Projects• Testing Booth Calendar 

Technical• Skills Checklist 
Other• Plots,Graphs

The picturing of data allows us to be sensitive not only to the multiple hypotheses that we hold, but to the many more we have not yet thought of, regard as unlikely, or think impossible  Tukey, 1974
The great fun of information visualization is that it gives you answers to questions you didn’t know you had  Ben Shneiderman
Jody Culham error bars lecture "Rule of thumb for 95% CIs: If the overlap is about half of one onesided error bar, the difference is significant at ~ p < .05 If the error bars just abut, the difference is significant at ~ p< .01 works if n >= 10 and error bars don’t differ by more than a factor of 2 "
"If events are dependent (whether causal or not), the aggregate is not going to be Gaussian. " why?

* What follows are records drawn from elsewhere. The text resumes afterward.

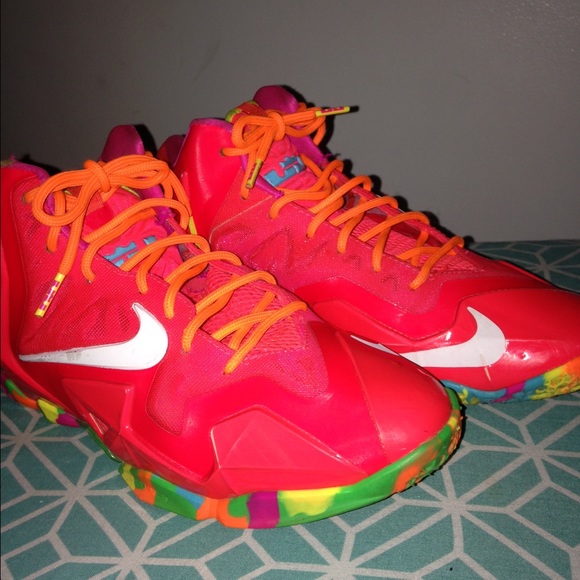 Fruity pebble lebrons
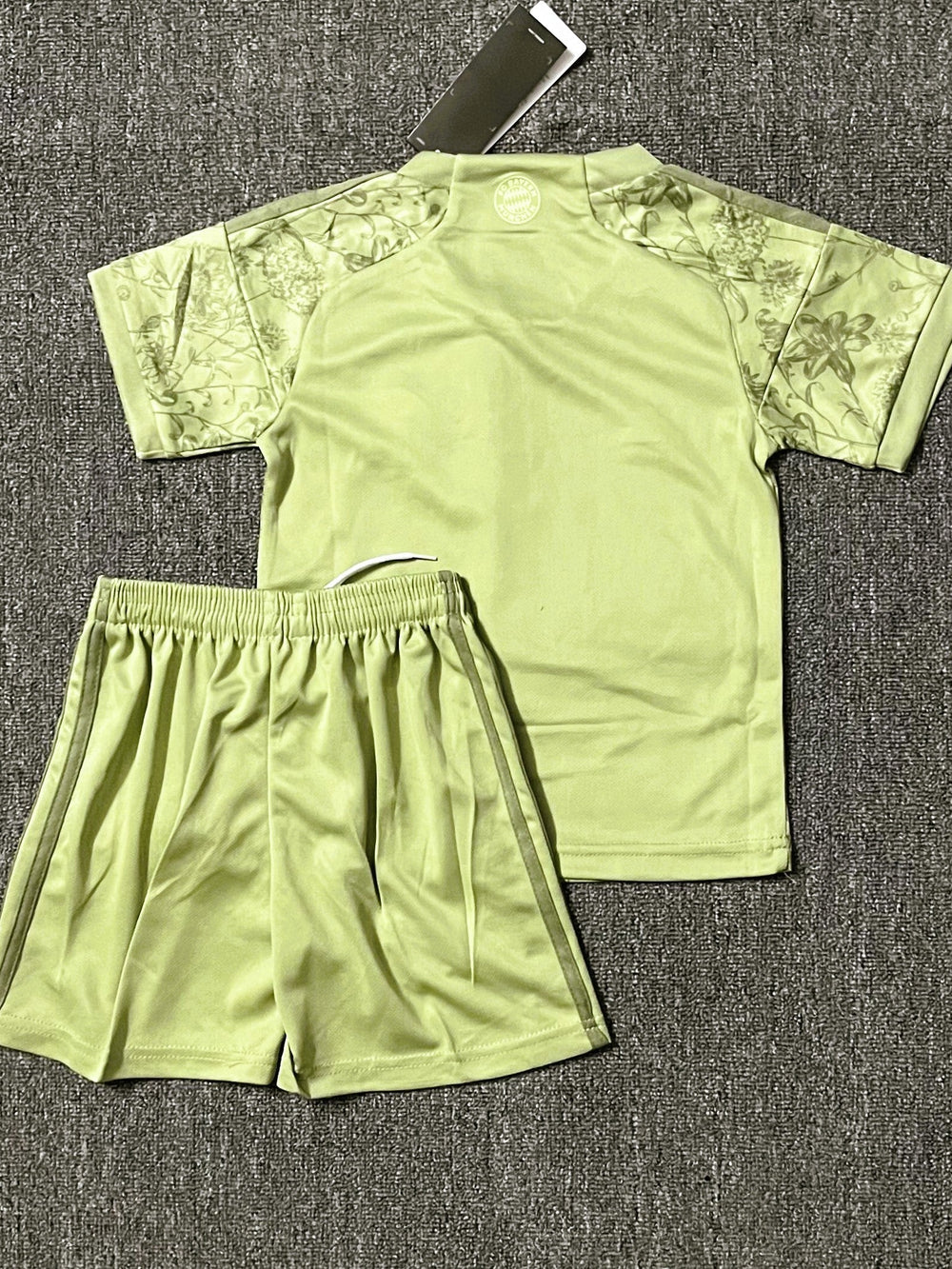 BAYERN MUNCHEN kid kit
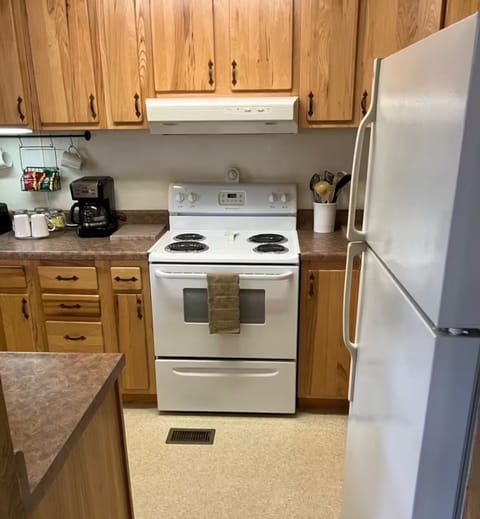 Kitchen! Fully stocked!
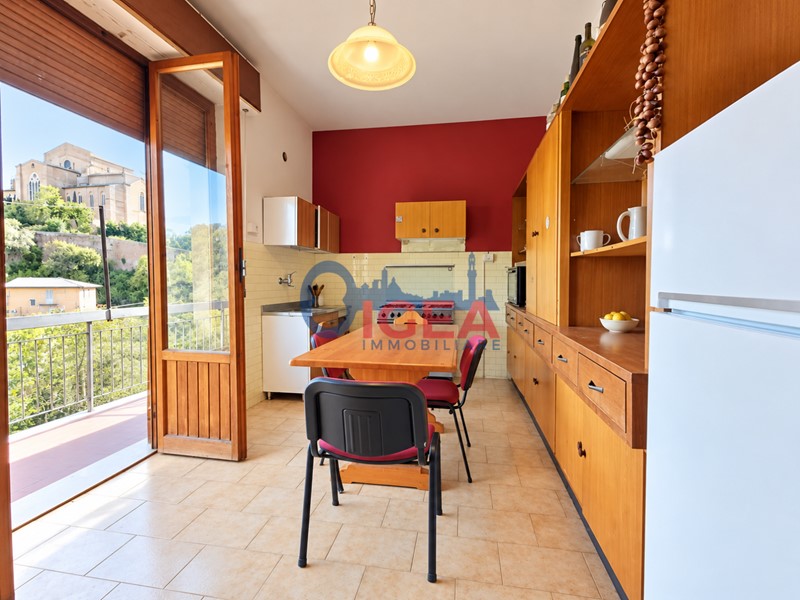 Appartamento in Vendita a Siena, 280'000&euro;, 107 m², arredato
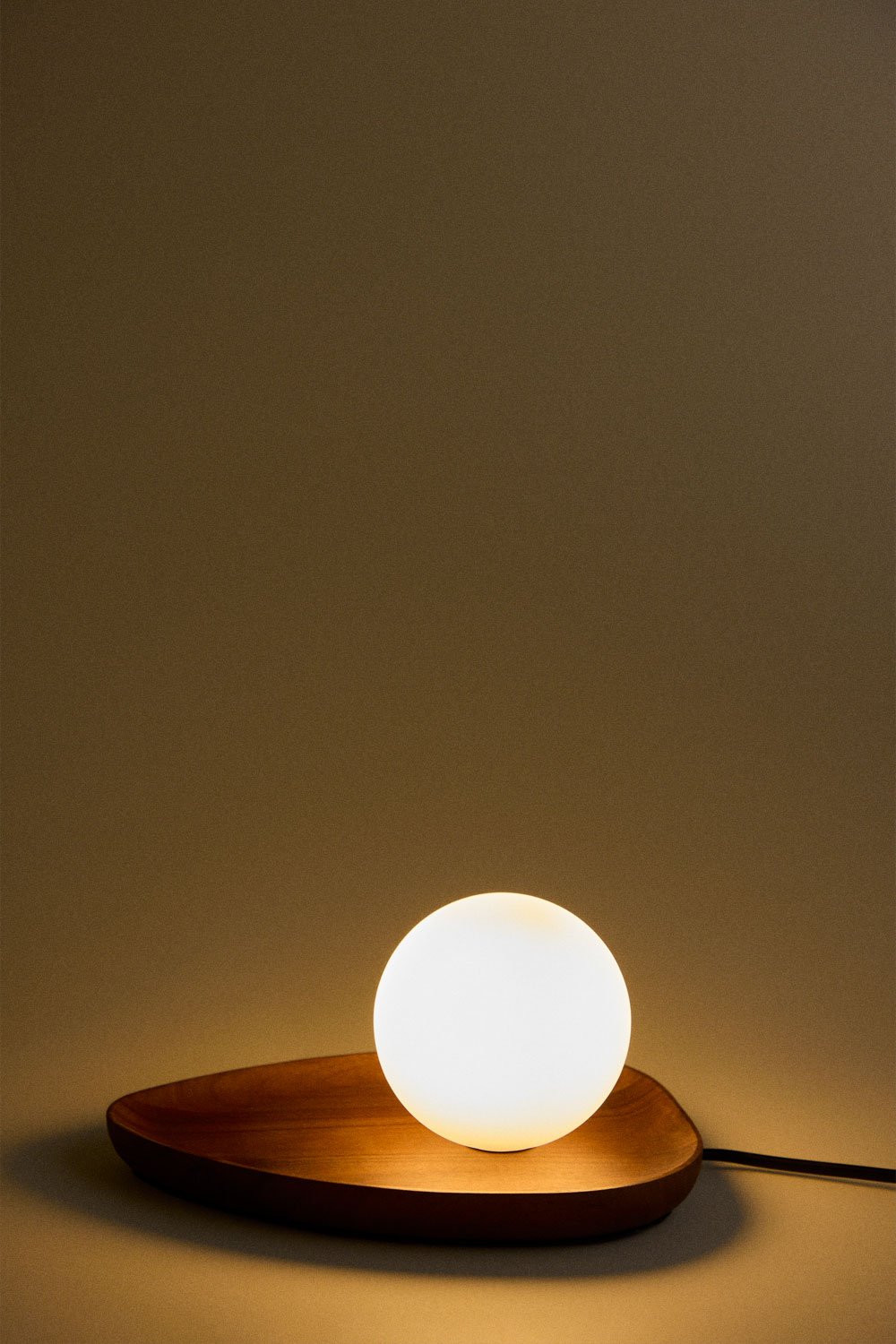 Lampada da tavolo Freidy in legno di acacia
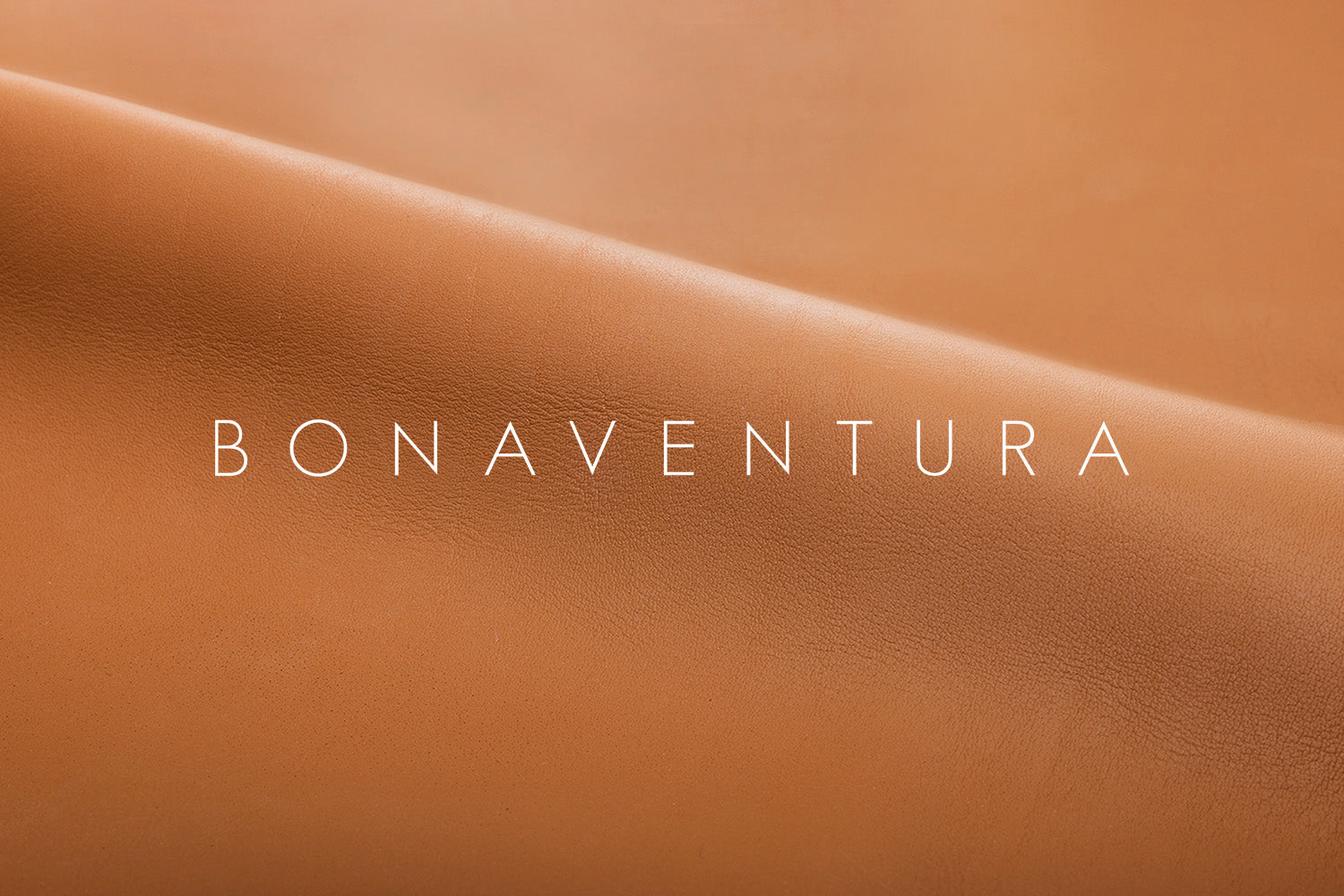 「BONAVENTURA(ボナベンチュラ)|チャット接客サービス|上質なレザー、タイムレスで洗練された美しい本革小物」本革手帳型のスマホケース。最高級本革の上質なiPhoneケース。 iPhoneSE / iPhone8 / iPhoneX / iPhone11 / iPhone12 / iPhone13 /iPhone14 対応の本革スマホケース。 高級レザーブランドのバッグ。高級レザーブランドの財布やレザー小物。本格本革のアップルウォッチバンド (Apple Watch Band)。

the sum of two independent random variables is distributed according to the convolution of their individual distributions
Fitting curves to data
 R is often used in the lab
 Python alone and with SciPy can be used easily, example here
 MATLAB is sometimes used
 Using MacCurveFit for OS9; rarely used
Bootstrapping
how I Holcombe:fit psychometric functions and bootstrap Howell's pages
Effect size rant
in psychology training and in psychology journals, you may have heard of formulas for "effect size" like Cohen's d. An issue that came up in the lab yesterday provoked me into a long rant about this, which might help some of you if you ever wonder whether you should be calculating it:
If you look up "effect size" in a psychology context, you'll find stuff like Cohen's d. Cohen's d was invented for areas of psychology where the actual raw measure of the size of the effect—in our case the mean number of degrees per cycle of the error, or the ms of the lag— doesn't mean anything, so they had to invent a measure where they scale their relatively meaningless raw measure by its variability within conditions. This can make sense in paradigms like an implicit association test , where the raw measure is number of milliseconds difference between two conditions. Here noone actually knows what it means if the brain is 5 ms slower in doing something or 10 ms slower in doing something. So they want to divide it by some measure of how much bigger it is than random fluctuations. So if you get something like a Cohen's d of 10, you can say wow , that's ten times bigger than the random fluctuations you get. Fortunately in vision science our numbers are more meaningful in that having a lag of a certain number of milliseconds means we are that many milliseconds behind the visual world. The errors are similar. It has a more definite meaning than the differences in response time of two arbitrary tasks. We have the luxury of comparing these numbers across experiments directly. Researchers studying other things aren't that lucky if they did three experiments, in varying the task slightly from one experiment to the next , the baseline of their dependent measure might change a lot, like if the number of choices in a task increased, the baseline response time could increase a lot. Then, the response time difference in the two experiments could not be directly compared because in elevating the baseline, the difference you get might change (for instance, if the relationship between the underlying mental quantity and RT was not linear), so then it would be better to compare something like Cohen's d, in the hope that dividing by the uncontrolled fluctuation would account for the consequences of the baseline change.